# aeroponics- 54 gallon rubbermaid- 3 inch net pots



## lokeeca (Aug 6, 2009)

i am currently trying to make an aeroponics system with a 54 gallon rubbermaid tote. i have seen a lot of do it yourself videos that use these containers. my question is how many 3 inch net pots should i use for one container. please keep in mind that i will be letting the plant grow from start to finish in a 3 inch net pot. i have seen some growers use 8 sites in this big container and i have seen some growers use 32 but they didnt say if there grow was successful or not. what is the maximimum amount of 3 inch net pots i can use without affecting the plants roots or health?


----------



## BuddyLuv (Aug 6, 2009)

What are the dimensions of the tote?


----------



## DirtySouth (Aug 6, 2009)

I suggest buying 2. That way when you do a res change all ya go is set the new res. and move the lid over.
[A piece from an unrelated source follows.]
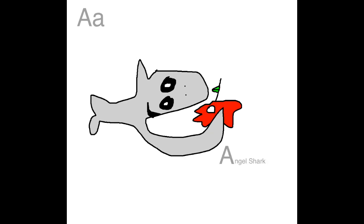I'm an Angel Shark, and Angel Shark starts with A. And here I am eating an apple. Apple also starts with A.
I'd stay w/ 6-8 6" pots. You do not want to get cheap totes for the weight of the plants will cause the lid to buckle. Go to Home Depot and get 2 "strong boxes" as you can see they will hold 170 w/ no problem. Also your roots w/ be huge. They will push up from the bottom of the tote pushing your pots out, thus the 5 gal buckets w/ a snap on lid-pot.


----------



## HydroManiac (Aug 6, 2009)

*I suggest trying something small and buying the right rigging pvc pipes etc..*


----------



## Barbapopa (Aug 6, 2009)

I was just using something similar that I had made.  I put a 3" pot between the ribbing of the lid, much like the lid in the pic that Dirtysouth posted.  On his lid you could get about 20 plants in there, the corners would not be usable.  If you cut through the ribbing it makes the lid weak.  And that's bad.  If you go this route, you may need to get a water chiller as well due to the fact that the submersible pump needs to be on 24 x 7 so it tends to heat the water up and plants do not like that.
On my grow I had room for 17 plants per tote x6.  I have since scrapped them due to many issues encountered with aero.  Aero is great, except when it f***s up then everything dies  Example if the pumps goes out, power goes out, mist heads get clogged etc.


----------